> _Prompt_
Excluding images, repeat the data exactly as given.

> _Data extract_
------------------------------
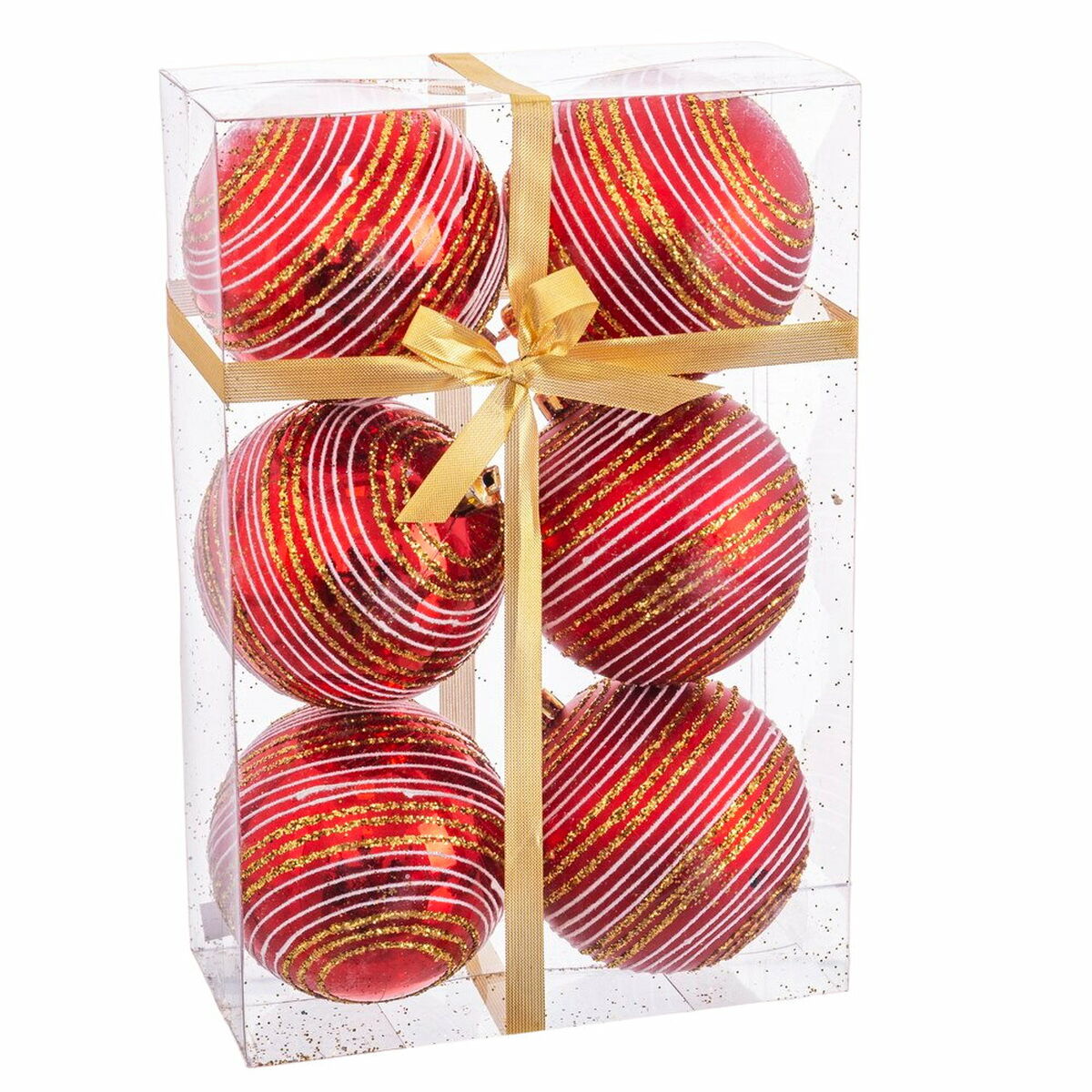 SET 6 BOLAS ESPIRAL ROJO 8CM 9043500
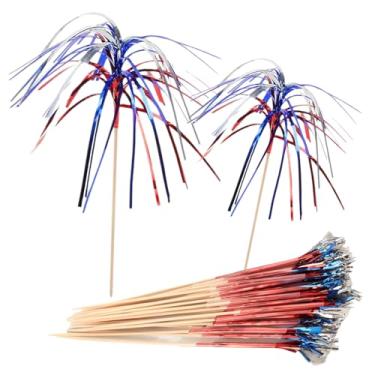 Imagem de hhdatc 100 peças vermelho, branco, azul, 4 de julho, palitos de coquetel, design patriótico, fogos de artifício, palitos de bambu para aperitivos, frutas, comida, bolo, decoração de festa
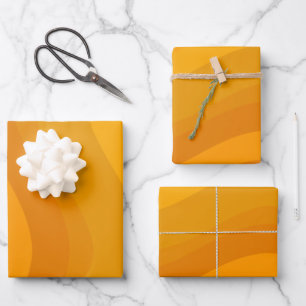 Ombre Yellow Gradient Wavy Lines Geometric Artwork Wrapping Paper Sheet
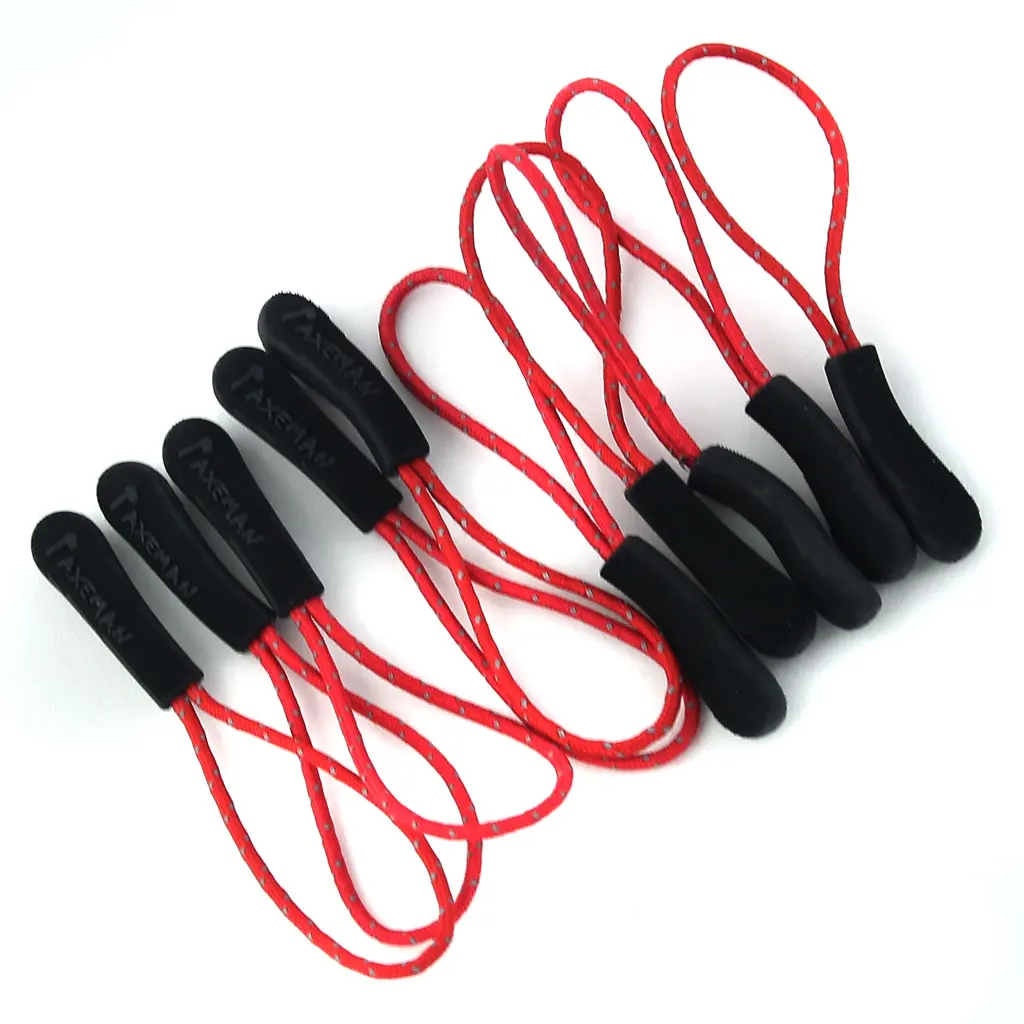 10Pcs 6.8cm Reflective Zipper Pull Cord Zip Puller Zip Fastener Cord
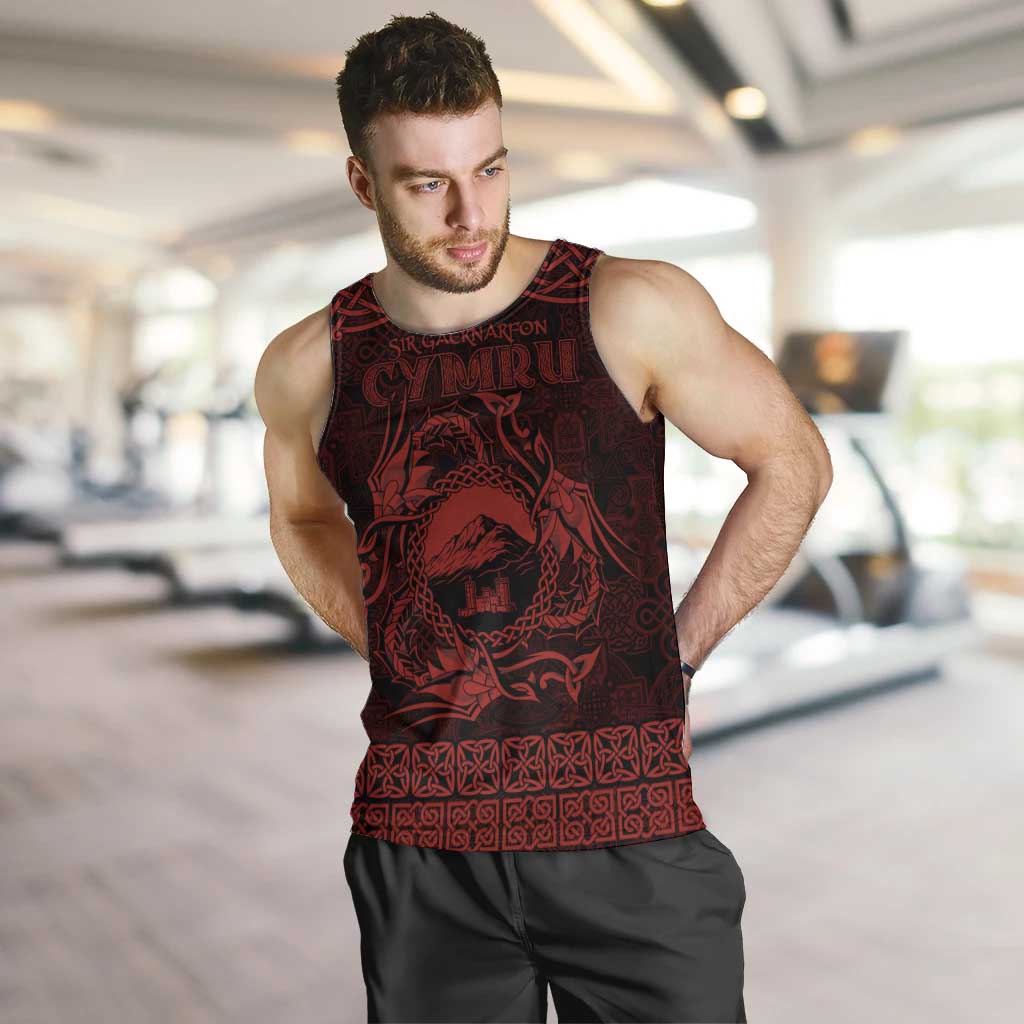 Personalized Caernarfonshire Sir Gaernarfon Men Tank Top Red Castle Tower Celtic-inspired - Wonder Print Shop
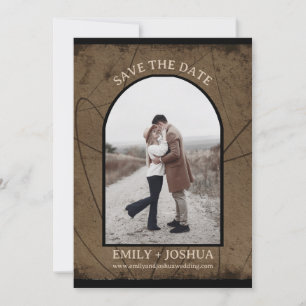 Moodige Rustikale Flache Save-The-Date-Karte Erdig Save The Date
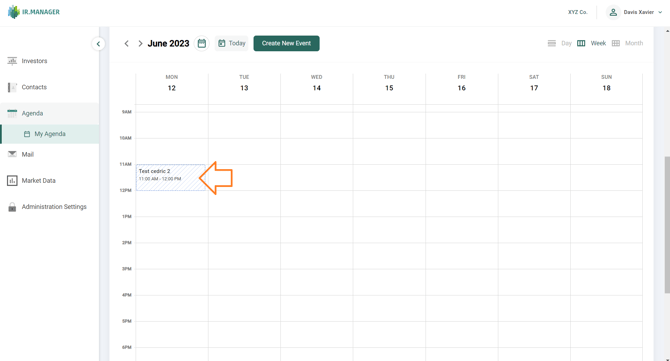 Click on your meeting in the Agenda to open the meeting details and view your Meeting Notes
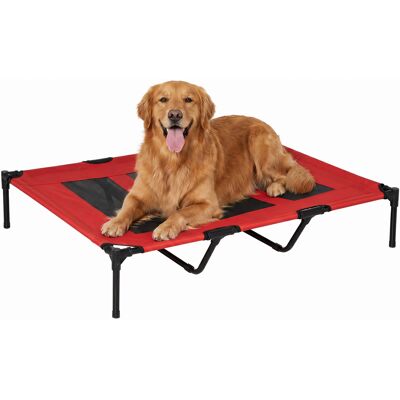 ARRIGONI Lit Sur Pieds Xxl Pour Chien Chat Lit De Camp Animal 122l X 92l X 23h Cm Rouge - Publicité ARRIGONI Lit Sur Pieds Xxl Pour Chien Chat Lit De Camp Animal 122l X 92l X 23h Cm Rouge - Publicité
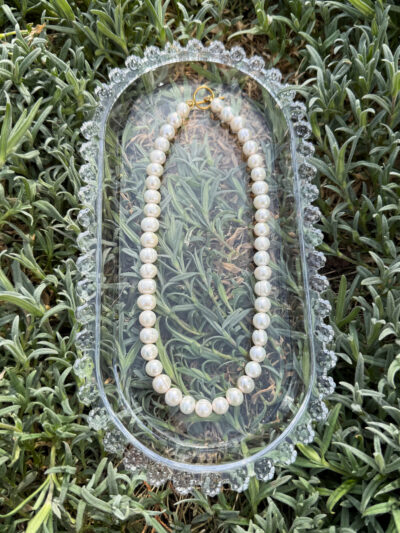 NASZYJNIK CHOKER DUŻE OKRĄGŁE PERŁY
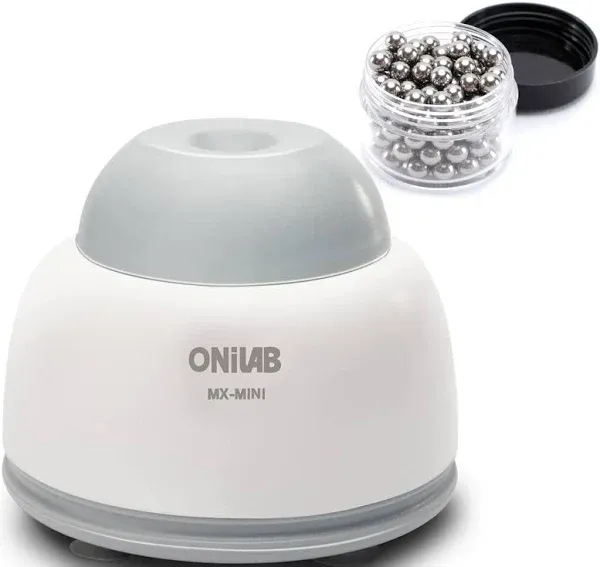 ONiLAB Mini Vortex Mixer with Touch Function, Lab Mixing, Nail Polish,Eyelash Adhesives and Acrylic Paints Mixing, Lab Vortexer with Sturdy Aluminum Cast Base，120pcs 7/32in Mixing Balls,Black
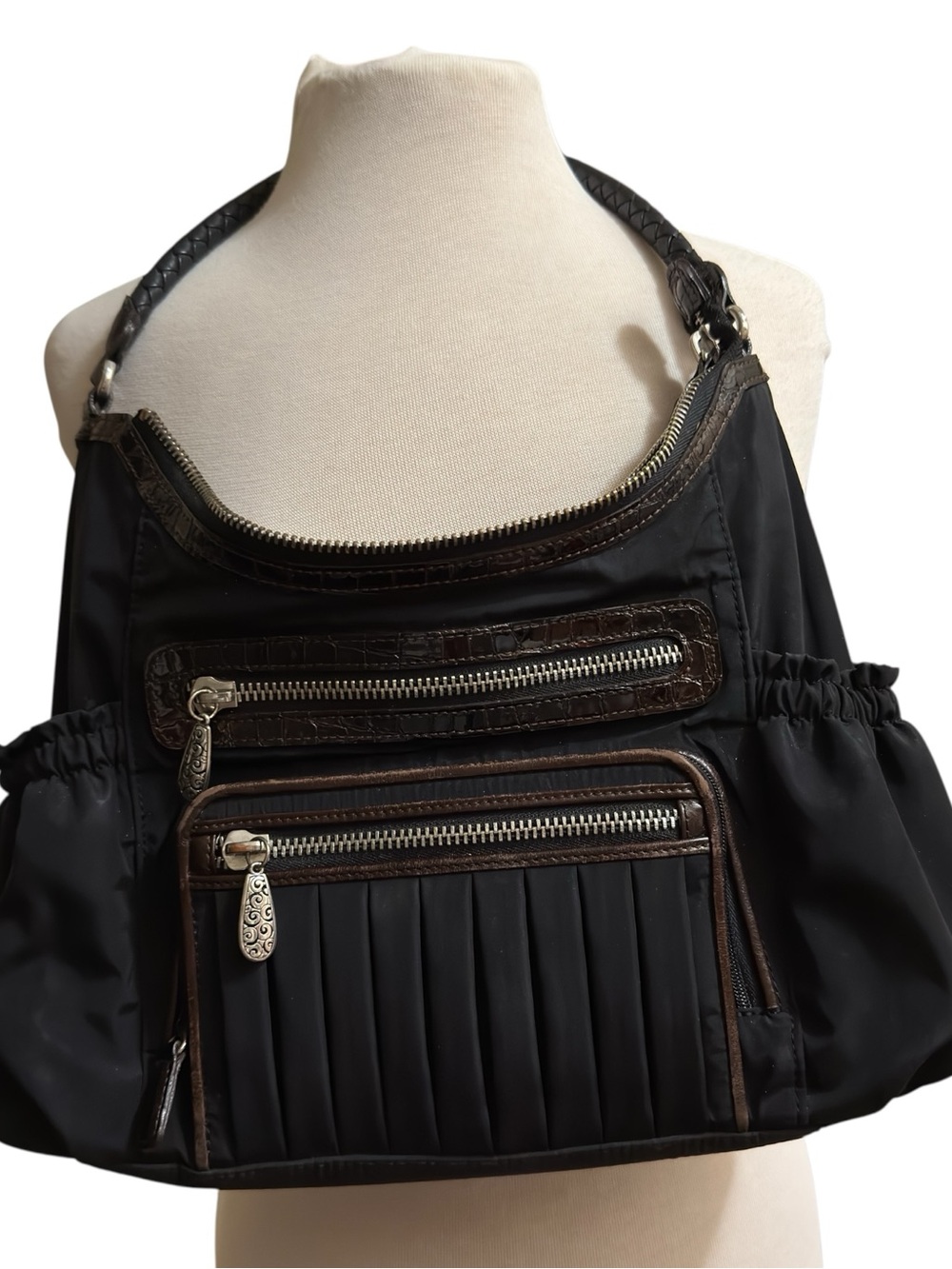 Brighton Black Nylon Brown Croc Leather Organizer Hobo Shoulder Bag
------------------------------
> _Written solution_
 SET 6 BOLAS ESPIRAL ROJO 8CM 9043500
 Imagem de hhdatc 100 peças vermelho, branco, azul, 4 de julho, palitos de coquetel, design patriótico, fogos de artifício, palitos de bambu para aperitivos, frutas, comida, bolo, decoração de festa
 Ombre Yellow Gradient Wavy Lines Geometric Artwork Wrapping Paper Sheet
 10Pcs 6.8cm Reflective Zipper Pull Cord Zip Puller Zip Fastener Cord
 Personalized Caernarfonshire Sir Gaernarfon Men Tank Top Red Castle Tower Celtic-inspired - Wonder Print Shop
 Moodige Rustikale Flache Save-The-Date-Karte Erdig Save The Date
 Click on your meeting in the Agenda to open the meeting details and view your Meeting Notes
 ARRIGONI Lit Sur Pieds Xxl Pour Chien Chat Lit De Camp Animal 122l X 92l X 23h Cm Rouge - Publicité ARRIGONI Lit Sur Pieds Xxl Pour Chien Chat Lit De Camp Animal 122l X 92l X 23h Cm Rouge - Publicité
 NASZYJNIK CHOKER DUŻE OKRĄGŁE PERŁY
 ONiLAB Mini Vortex Mixer with Touch Function, Lab Mixing, Nail Polish,Eyelash Adhesives and Acrylic Paints Mixing, Lab Vortexer with Sturdy Aluminum Cast Base，120pcs 7/32in Mixing Balls,Black
 Brighton Black Nylon Brown Croc Leather Organizer Hobo Shoulder Bag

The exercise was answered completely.